- _SUPPLIED INFORMATION_
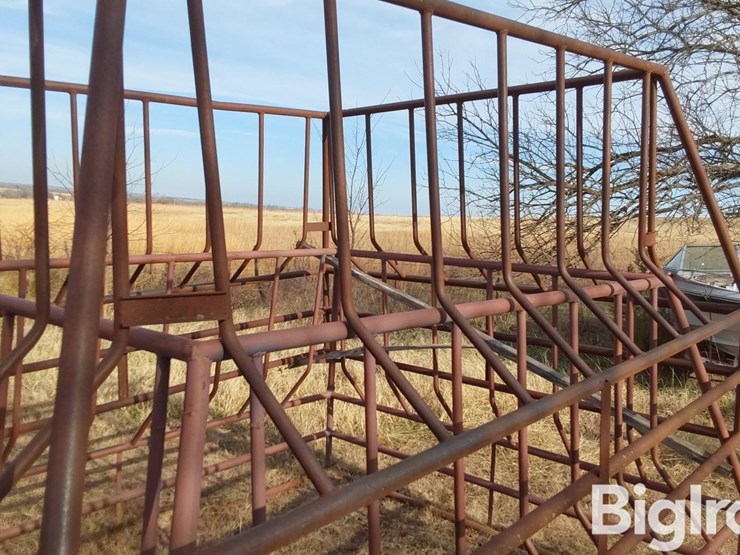 square-8-1/2'-x-9-1/2'-bale-feeders-image-12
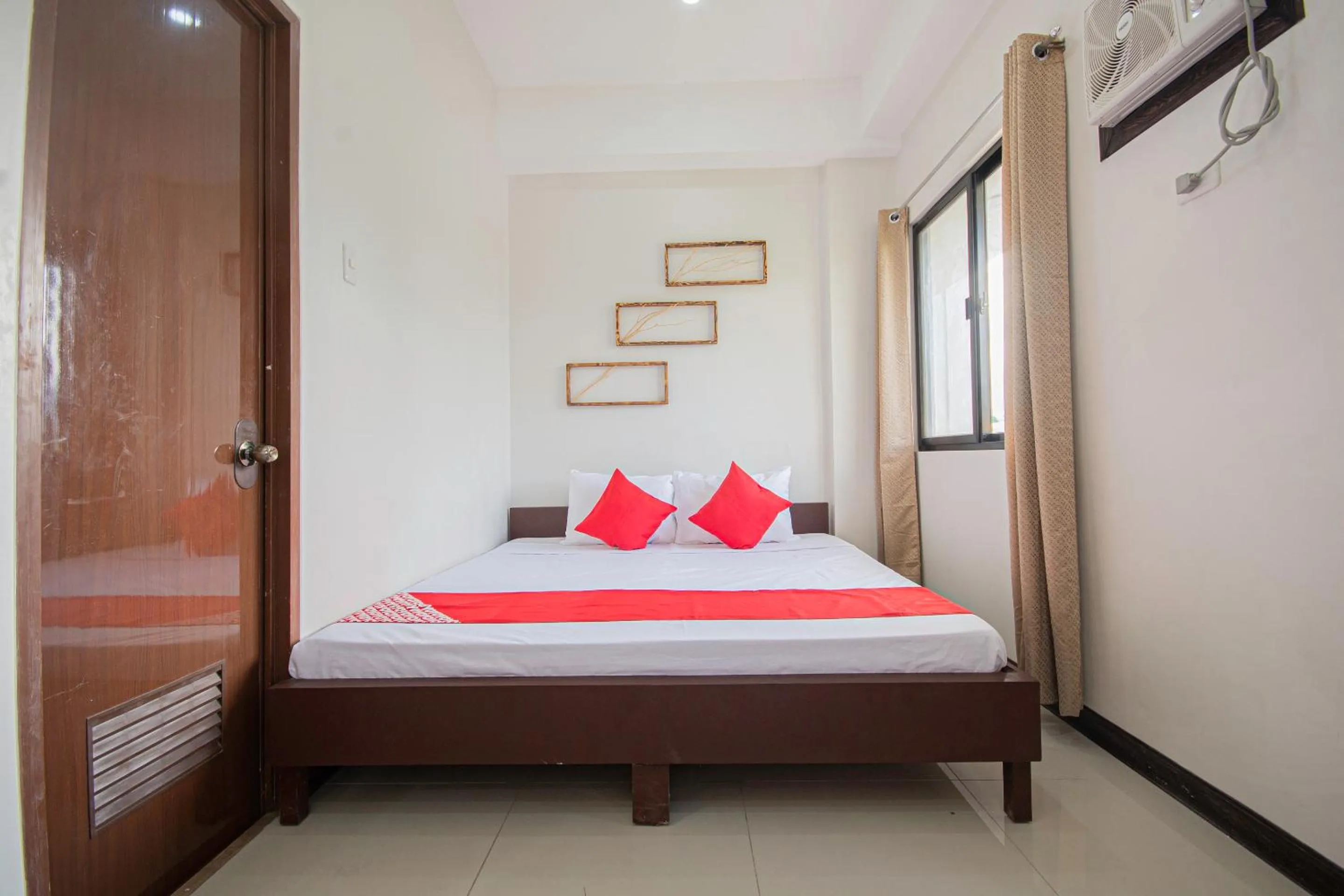 Bedroom, Bed in Cornerstone Manor Inn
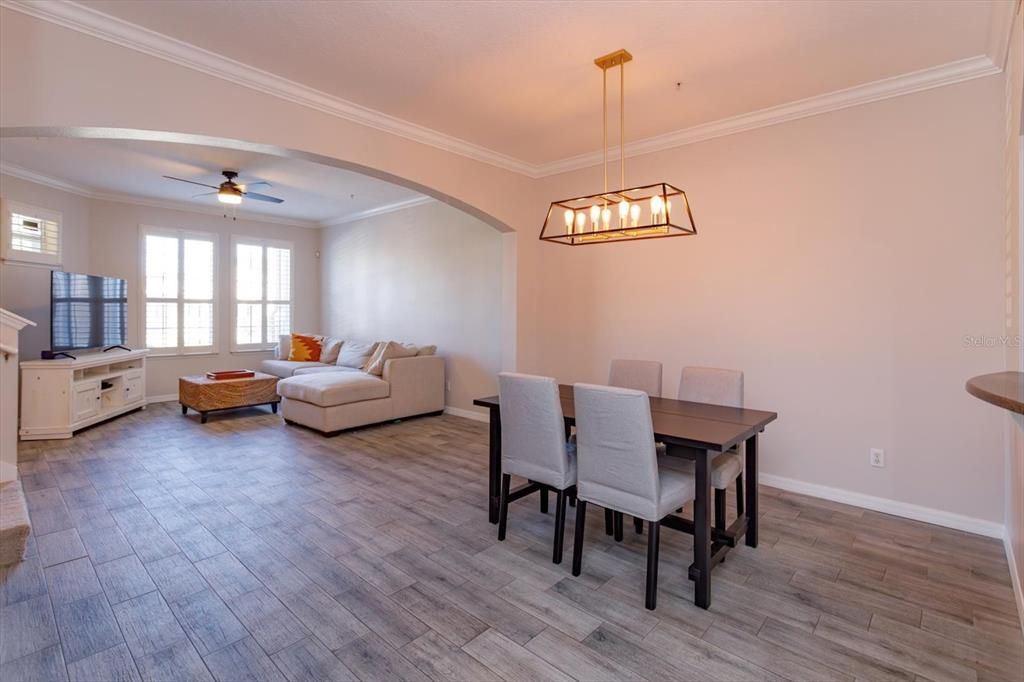 На продажу: $399,000 (3 спален, 2 ванн, 1789 Квадратных фут)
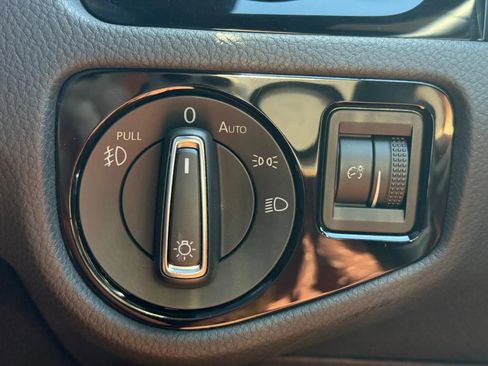 Used 2021 Volkswagen GTI SE image 19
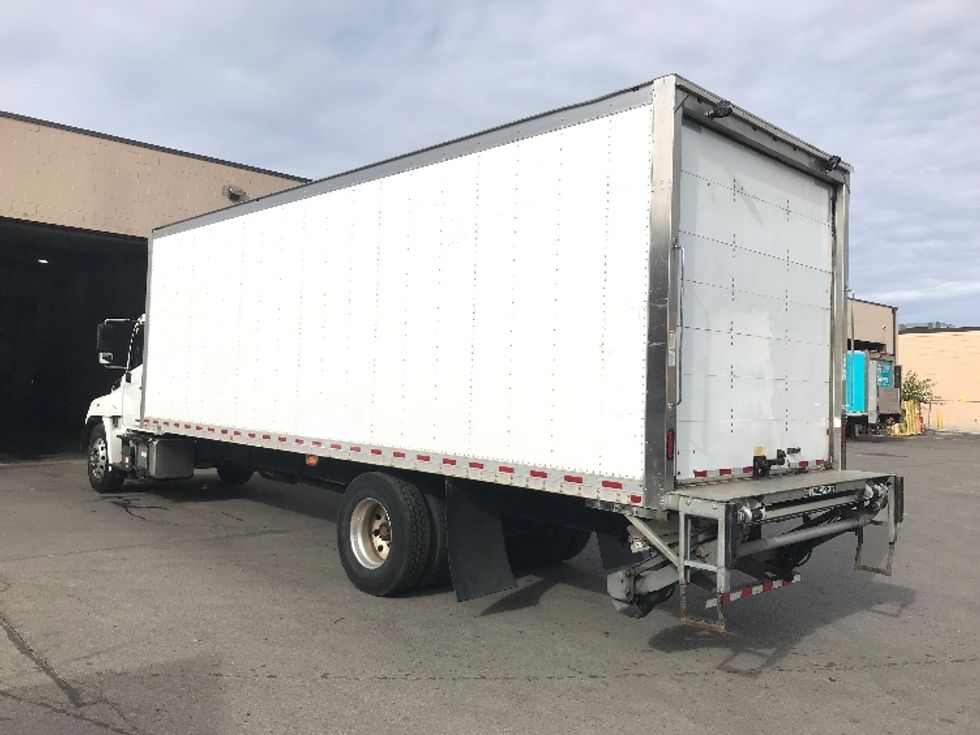 Medium Duty Box Truck-Light and Medium Duty Trucks-Hino-2019-268-Brampton-ON-228,532\n\t\tkm-$ 74,500 - Image 6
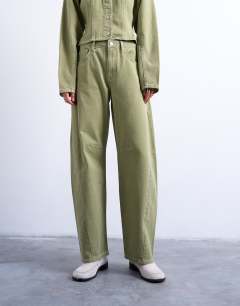 Model wearing Barrel mid rise jean with seam details in avocado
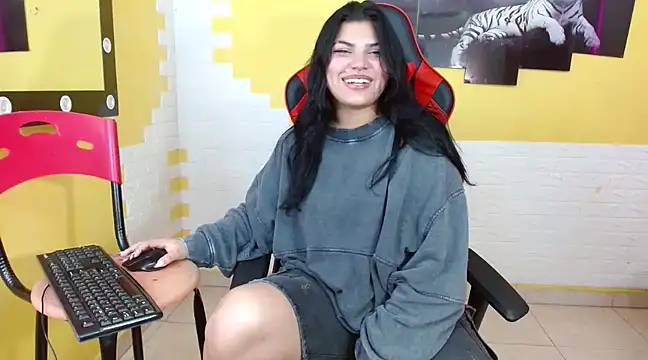 melany rouse18 online show from 28, 2, 2025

- _WHAT YOU WILL DO_
With pictures excluded, the lines running from the one containing "Medium Duty Box" through the last line of the records above are to be restated exactly and in full.

- _RESULT FOR THIS TASK_
 Medium Duty Box Truck-Light and Medium Duty Trucks-Hino-2019-268-Brampton-ON-228,532\n\t\tkm-$ 74,500 - Image 6
 Model wearing Barrel mid rise jean with seam details in avocado
 melany rouse18 online show from 28, 2, 2025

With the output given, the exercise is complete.